▶ Assignment:
Every line of the entries below from the one containing "Search for blue peacock bird posters Peafowl" to the one containing "Aphelocephala leucopsis, 2026-10-17", both ends included, must be written out exactly. No other line belongs in the answer.

▶ Supplied data:

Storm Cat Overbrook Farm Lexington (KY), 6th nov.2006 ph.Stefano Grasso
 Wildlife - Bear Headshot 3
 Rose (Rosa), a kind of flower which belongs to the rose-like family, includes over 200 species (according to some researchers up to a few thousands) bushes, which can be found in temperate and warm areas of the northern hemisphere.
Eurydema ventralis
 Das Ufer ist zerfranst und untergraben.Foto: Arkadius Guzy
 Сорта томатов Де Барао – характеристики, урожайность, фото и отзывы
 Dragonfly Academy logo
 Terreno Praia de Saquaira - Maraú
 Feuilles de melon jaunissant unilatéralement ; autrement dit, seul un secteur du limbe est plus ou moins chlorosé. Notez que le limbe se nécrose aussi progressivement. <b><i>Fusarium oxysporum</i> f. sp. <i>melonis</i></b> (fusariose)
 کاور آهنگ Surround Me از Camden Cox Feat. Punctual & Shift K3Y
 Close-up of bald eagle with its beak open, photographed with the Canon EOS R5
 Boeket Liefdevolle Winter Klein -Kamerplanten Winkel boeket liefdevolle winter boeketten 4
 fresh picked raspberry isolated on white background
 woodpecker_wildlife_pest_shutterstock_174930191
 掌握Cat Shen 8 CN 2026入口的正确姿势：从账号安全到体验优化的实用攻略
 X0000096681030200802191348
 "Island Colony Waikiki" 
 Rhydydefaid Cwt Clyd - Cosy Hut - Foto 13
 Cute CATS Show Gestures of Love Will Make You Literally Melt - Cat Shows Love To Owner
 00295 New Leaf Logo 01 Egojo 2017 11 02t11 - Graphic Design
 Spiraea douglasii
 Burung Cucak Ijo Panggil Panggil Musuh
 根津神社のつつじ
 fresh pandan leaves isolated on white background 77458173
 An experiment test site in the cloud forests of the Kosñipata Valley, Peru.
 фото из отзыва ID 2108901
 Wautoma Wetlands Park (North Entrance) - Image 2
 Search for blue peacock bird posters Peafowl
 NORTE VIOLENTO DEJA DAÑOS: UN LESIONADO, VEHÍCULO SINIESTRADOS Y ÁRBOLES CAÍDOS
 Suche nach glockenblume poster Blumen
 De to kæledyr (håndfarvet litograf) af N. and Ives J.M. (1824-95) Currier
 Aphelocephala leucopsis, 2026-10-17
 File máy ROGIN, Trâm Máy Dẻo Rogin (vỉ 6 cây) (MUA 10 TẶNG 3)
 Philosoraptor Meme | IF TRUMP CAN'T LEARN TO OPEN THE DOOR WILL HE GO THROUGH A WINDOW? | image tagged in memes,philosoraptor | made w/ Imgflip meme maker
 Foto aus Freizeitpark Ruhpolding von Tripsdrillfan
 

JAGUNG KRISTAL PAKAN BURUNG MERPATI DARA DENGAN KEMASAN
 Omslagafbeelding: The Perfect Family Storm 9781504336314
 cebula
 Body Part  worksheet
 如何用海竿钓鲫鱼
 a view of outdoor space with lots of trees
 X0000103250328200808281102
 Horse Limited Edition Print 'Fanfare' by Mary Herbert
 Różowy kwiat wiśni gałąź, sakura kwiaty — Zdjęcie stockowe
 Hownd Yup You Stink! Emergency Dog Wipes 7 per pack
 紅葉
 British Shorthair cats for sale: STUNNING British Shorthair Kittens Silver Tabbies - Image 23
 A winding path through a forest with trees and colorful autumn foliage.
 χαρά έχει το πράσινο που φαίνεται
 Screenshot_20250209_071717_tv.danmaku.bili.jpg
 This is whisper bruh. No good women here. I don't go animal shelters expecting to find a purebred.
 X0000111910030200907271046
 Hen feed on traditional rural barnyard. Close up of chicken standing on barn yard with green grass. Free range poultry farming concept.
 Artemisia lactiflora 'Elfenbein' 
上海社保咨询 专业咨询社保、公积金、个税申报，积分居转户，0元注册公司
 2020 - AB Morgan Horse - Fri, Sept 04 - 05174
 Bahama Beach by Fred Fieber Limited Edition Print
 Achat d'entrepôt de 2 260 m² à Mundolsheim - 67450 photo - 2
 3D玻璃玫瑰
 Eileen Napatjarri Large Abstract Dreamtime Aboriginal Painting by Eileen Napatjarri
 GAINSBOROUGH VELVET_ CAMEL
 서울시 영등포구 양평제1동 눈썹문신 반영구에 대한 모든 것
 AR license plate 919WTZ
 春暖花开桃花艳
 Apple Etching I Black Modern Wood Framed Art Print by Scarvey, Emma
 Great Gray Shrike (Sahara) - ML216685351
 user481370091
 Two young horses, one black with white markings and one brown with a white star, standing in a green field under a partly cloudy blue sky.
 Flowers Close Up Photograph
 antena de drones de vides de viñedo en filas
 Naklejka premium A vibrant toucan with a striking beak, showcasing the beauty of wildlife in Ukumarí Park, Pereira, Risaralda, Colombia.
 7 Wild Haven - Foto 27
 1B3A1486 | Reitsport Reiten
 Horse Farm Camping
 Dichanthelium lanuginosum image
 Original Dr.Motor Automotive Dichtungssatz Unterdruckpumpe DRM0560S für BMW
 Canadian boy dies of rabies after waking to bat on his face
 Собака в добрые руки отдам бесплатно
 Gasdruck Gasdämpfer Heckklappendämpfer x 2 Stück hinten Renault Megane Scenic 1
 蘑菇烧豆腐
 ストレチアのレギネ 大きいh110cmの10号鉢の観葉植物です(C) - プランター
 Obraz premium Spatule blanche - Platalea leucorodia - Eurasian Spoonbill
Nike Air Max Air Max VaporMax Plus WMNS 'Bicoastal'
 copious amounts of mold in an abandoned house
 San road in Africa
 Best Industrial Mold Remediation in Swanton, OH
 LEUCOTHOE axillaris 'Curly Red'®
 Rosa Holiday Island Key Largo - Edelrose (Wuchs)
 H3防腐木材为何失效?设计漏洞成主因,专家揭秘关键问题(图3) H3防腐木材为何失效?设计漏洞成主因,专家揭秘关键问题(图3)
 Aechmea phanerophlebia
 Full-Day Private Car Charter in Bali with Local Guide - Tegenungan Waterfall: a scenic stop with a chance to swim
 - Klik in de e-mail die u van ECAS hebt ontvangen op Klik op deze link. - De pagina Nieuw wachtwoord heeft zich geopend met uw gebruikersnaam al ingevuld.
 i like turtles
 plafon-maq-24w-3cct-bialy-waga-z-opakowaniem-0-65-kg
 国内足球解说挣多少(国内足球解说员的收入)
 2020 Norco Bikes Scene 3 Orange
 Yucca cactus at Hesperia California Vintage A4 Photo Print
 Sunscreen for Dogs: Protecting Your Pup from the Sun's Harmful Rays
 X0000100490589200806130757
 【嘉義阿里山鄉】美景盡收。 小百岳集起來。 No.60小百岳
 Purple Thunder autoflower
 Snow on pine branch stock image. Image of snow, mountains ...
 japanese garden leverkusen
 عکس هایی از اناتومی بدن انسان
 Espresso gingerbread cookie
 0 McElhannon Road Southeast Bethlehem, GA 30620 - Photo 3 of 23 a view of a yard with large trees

▶ Answer:
 Search for blue peacock bird posters Peafowl
 NORTE VIOLENTO DEJA DAÑOS: UN LESIONADO, VEHÍCULO SINIESTRADOS Y ÁRBOLES CAÍDOS
 Suche nach glockenblume poster Blumen
 De to kæledyr (håndfarvet litograf) af N. and Ives J.M. (1824-95) Currier
 Aphelocephala leucopsis, 2026-10-17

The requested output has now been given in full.